Sunday 9 June 2013

Plantinga's Modal Ontological Argument for God: A Victory for Atheism

G: God, an omnipotent, omniscient, perfectly good and necessarily existing being, exists.

With this definition we get for free a number of trivial truths such as; if God exists then he is omnipotent, if he exists then he is omniscient, and most interestingly, if God exists then he exists necessarily. We can use this last truth along with the modal logic system S5 to prove that, if God's existence is even just possible, then he actually exists:

◊G → ◊□G → □G → G

This is the most popular version of the modal ontological argument for God. But what proponents of this argument don't want you to know is that atheists can parody their case with an argument of their own:

◊¬G → ¬□G → ¬◊G → □¬G → ¬G

And so if God possibly does not exist (if atheism is possibly true), then he in fact does not exist (atheism is in fact true). Now the question is, which is more plausible: ◊¬G or ◊G? Well clearly the theist, being a theist, thinks that theism is possible. And of course the atheist, being an atheist, thinks that atheism is possible. And so we have a standoff in which, if either the atheist or the theist is possibly correct in their theological view, then they're in fact correct. Once noticing this, the atheist would literally have to presuppose that atheism is impossible before he could be convinced by the ontological argument for God. Of course no one trying to prove that God exists using the ontological argument would mention this symmetry, and so unfortunately many people don't realize that a case can be made both ways. But now notice that we can open up the ontological argument to include other facts. Any fact that entails God exists, on atheism, must be necessarily false. And any fact that entails God doesn't exist, on theism, must be necessarily false. Are there any facts that might entail that God exists? I honestly can't think of any. Surely instances of apparent design are evidence for God, but they certainly do not entail theism. What about facts that entail God's nonexistence? Immediately gratuitous evil comes to mind, being the sort of evil that God has no good reason to permit. It's not very controversial that, if God were to exist then, by his divine providence, gratuitous evil (E) and suffering would not. And so we have another derivation:

◊E → ◊¬G → ¬G

And so if it's possible for gratuitous evil to exist, then it's also possible that God does not. And this, like I showed before, entails that God in fact does not exist. So the prior question can be posed again: Is it more plausible that either ◊E or ◊¬G, or that ◊G? While atheism and theism alone butting heads might seem to draw a tie, once we mention gratuitous evil the win should go to atheism.

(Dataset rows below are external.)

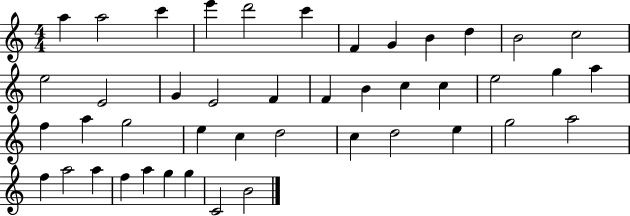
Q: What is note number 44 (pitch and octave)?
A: B4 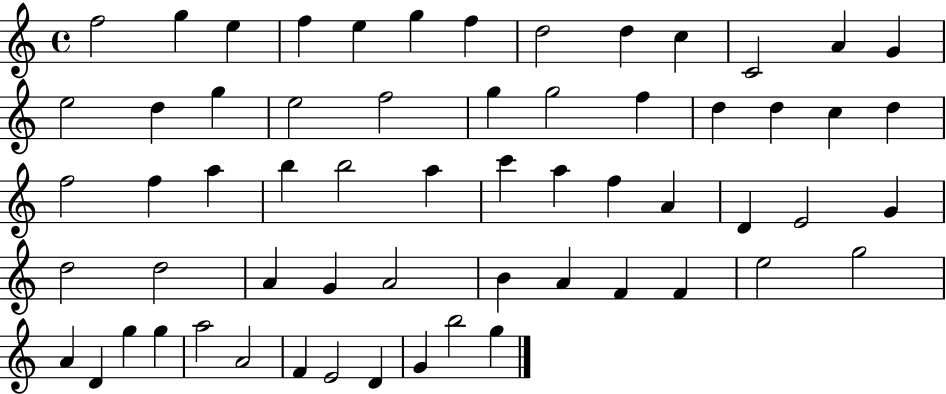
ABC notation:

X:1
T:Untitled
M:4/4
L:1/4
K:C
f2 g e f e g f d2 d c C2 A G e2 d g e2 f2 g g2 f d d c d f2 f a b b2 a c' a f A D E2 G d2 d2 A G A2 B A F F e2 g2 A D g g a2 A2 F E2 D G b2 g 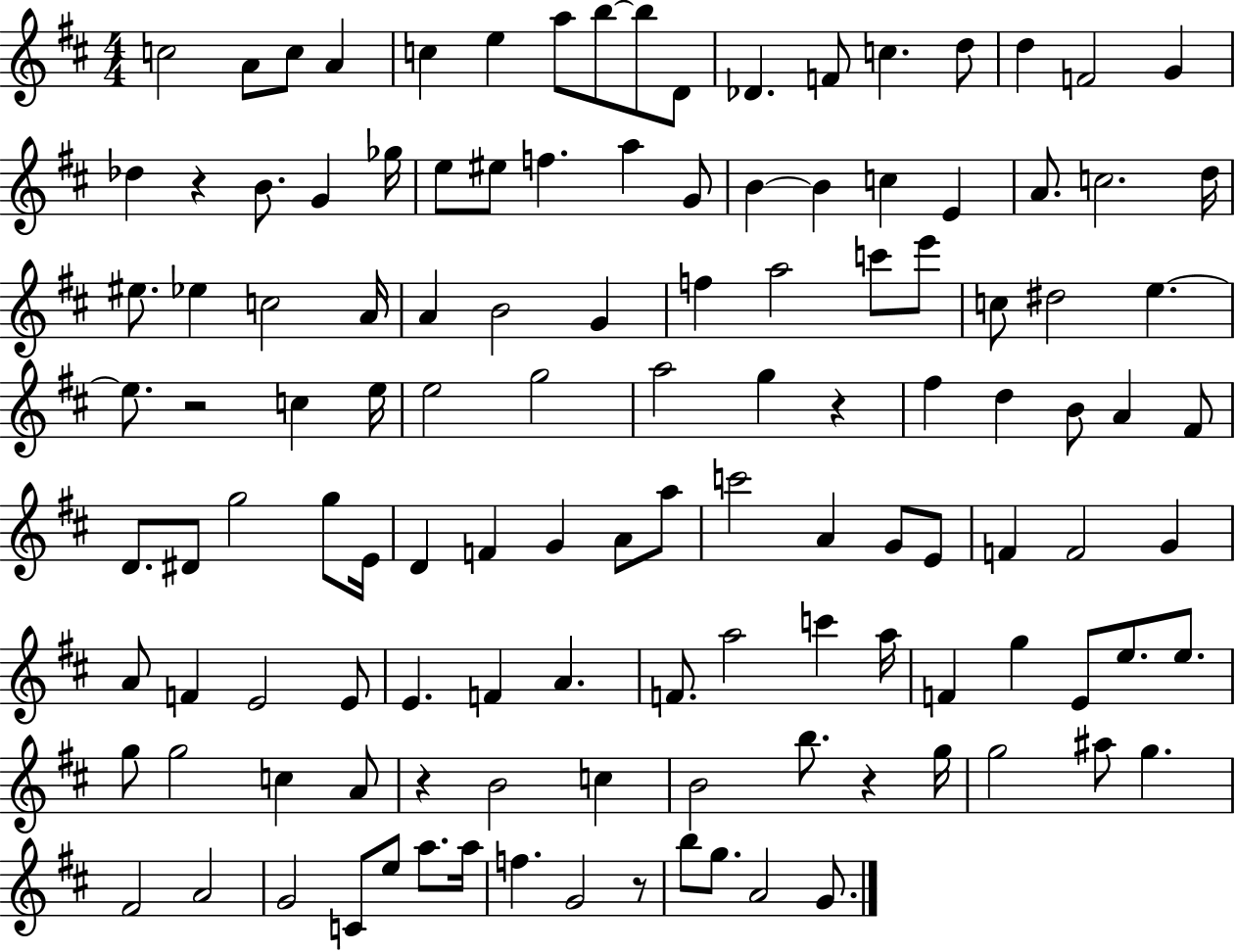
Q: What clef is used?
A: treble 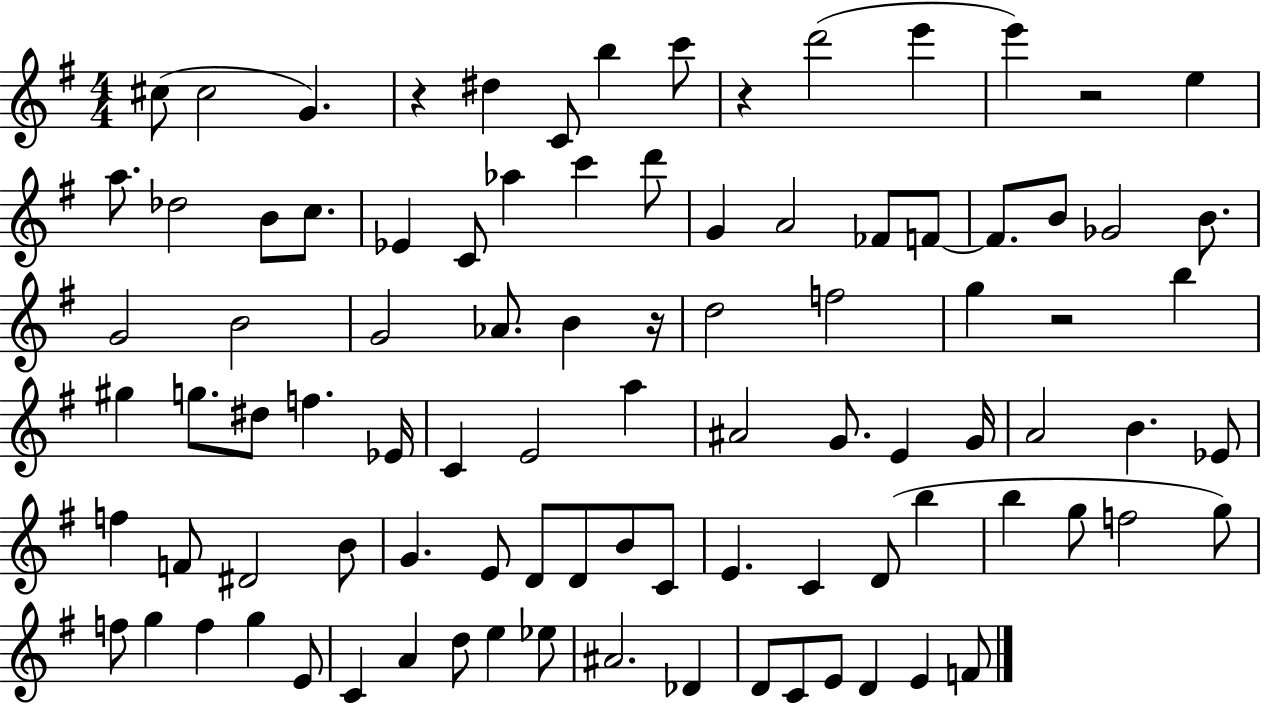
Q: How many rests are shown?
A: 5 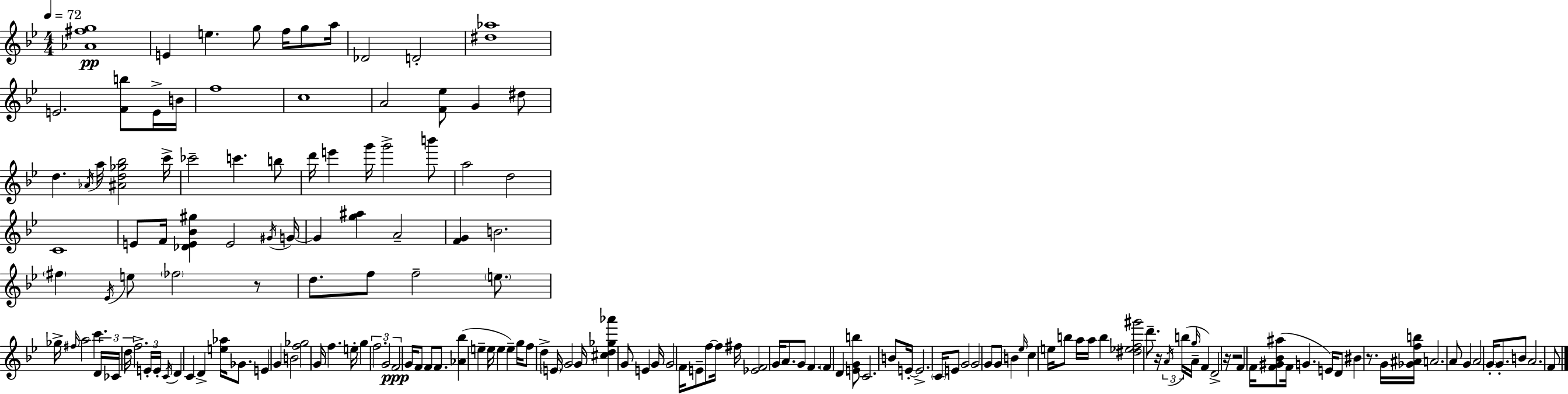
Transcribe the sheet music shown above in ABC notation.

X:1
T:Untitled
M:4/4
L:1/4
K:Gm
[_A^fg]4 E e g/2 f/4 g/2 a/4 _D2 D2 [^d_a]4 E2 [Fb]/2 E/4 B/4 f4 c4 A2 [F_e]/2 G ^d/2 d _A/4 a/4 [^Ad_g_b]2 c'/4 _c'2 c' b/2 d'/4 e' g'/4 g'2 b'/2 a2 d2 C4 E/2 F/4 [_DE_B^g] E2 ^G/4 G/4 G [g^a] A2 [FG] B2 ^f _E/4 e/2 _f2 z/2 d/2 f/2 f2 e/2 _g/4 ^f/4 a2 c' D/4 _C/4 d/4 f2 E/4 E/4 C/4 D C D [e_a]/4 _G/2 E G B2 [f_g]2 G/4 f e/4 g f2 G2 F2 G/4 F/2 F/2 F/2 [_A_b] e e/4 e e g/4 f/2 d E/4 G2 G/4 [^cd_g_a'] G/2 E G/4 G2 F/4 E/2 f/2 f/4 ^f/4 [_EF]2 G/4 A/2 G/2 F F D [EGb]/2 C2 B/2 E/4 E2 C/4 E/2 G2 G2 G/2 G/2 B _e/4 c e/4 b/2 a/4 a/4 b [^d_ef^g']2 d'/2 z/4 A/4 b/4 g/4 A/4 F D2 z/4 z2 F F/4 [F^G_B^a]/2 F/4 G E/4 D/2 ^B z/2 G/4 [_G^Afb]/4 A2 A/2 G A2 G/4 G/2 B/2 A2 F/2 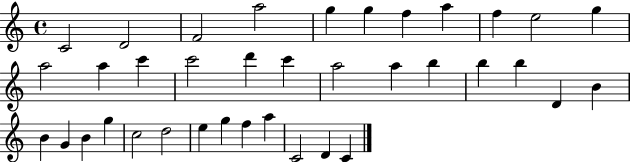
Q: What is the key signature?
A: C major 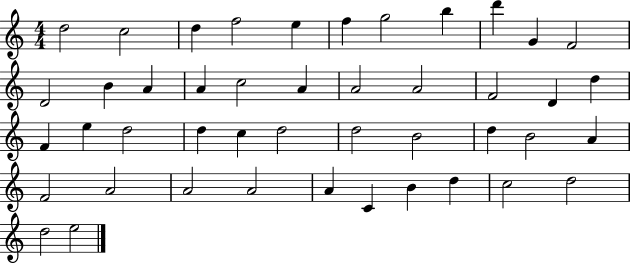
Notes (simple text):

D5/h C5/h D5/q F5/h E5/q F5/q G5/h B5/q D6/q G4/q F4/h D4/h B4/q A4/q A4/q C5/h A4/q A4/h A4/h F4/h D4/q D5/q F4/q E5/q D5/h D5/q C5/q D5/h D5/h B4/h D5/q B4/h A4/q F4/h A4/h A4/h A4/h A4/q C4/q B4/q D5/q C5/h D5/h D5/h E5/h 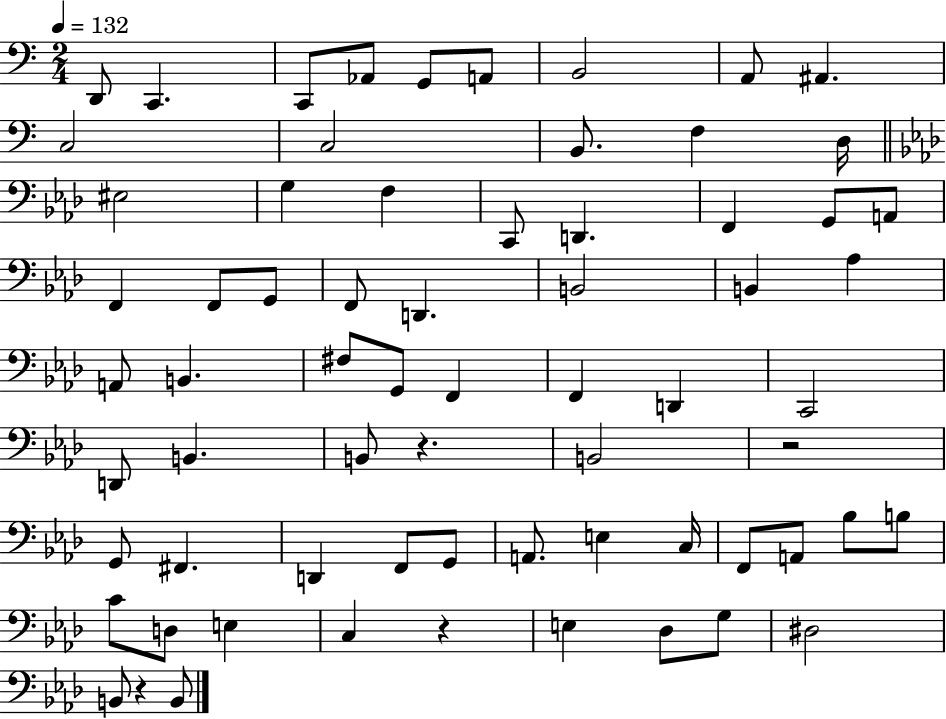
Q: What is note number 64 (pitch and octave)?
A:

Because the definition of God contains a nested modal operator, by claiming that God is possible we're making a statement about all of modal reality. In other words, we're saying that there's a possible world in which an entity that exists in all possible worlds, exists. But saying gratuitous evil exists requires us to make a statement about merely one possible world. In fact we can construct such a world very easily by supposing the greater good justification for some actual evil didn't exist. This is exactly the sort of modal reasoning we employ every day (e.g. If I had run that red light, I would have been hit by a truck). If we can't trust our modal intuitions on something as simple and obvious as gratuitous evil, then how can we trust our modal intuitions enough to confidently claim that God's existence, something that requires an infinitely greater scope, is possible? And so the necessity of God can actually be turned against theism, and be used to show that atheism is much better supported by it.

An objection the theist may have to my argument is that, when I speak of possibility, I'm really talking about epistemic possibility and not metaphysical possibility. That for all I know gratuitous evil might exist, but I don't actually know that there is a metaphysically possible world in which gratuitous evil exists. But that response would undermine the ontological argument for God as well, as the atheist is entitled to saying the same thing. For all the theist knows God might exist, but the theist doesn't actually know there's some metaphysically possible world in which God exists. And so it seems that the necessity of God either provides atheists stronger reason to reject God's existence than it provides theists reason to accept his existence, or it offers nothing at all to either party.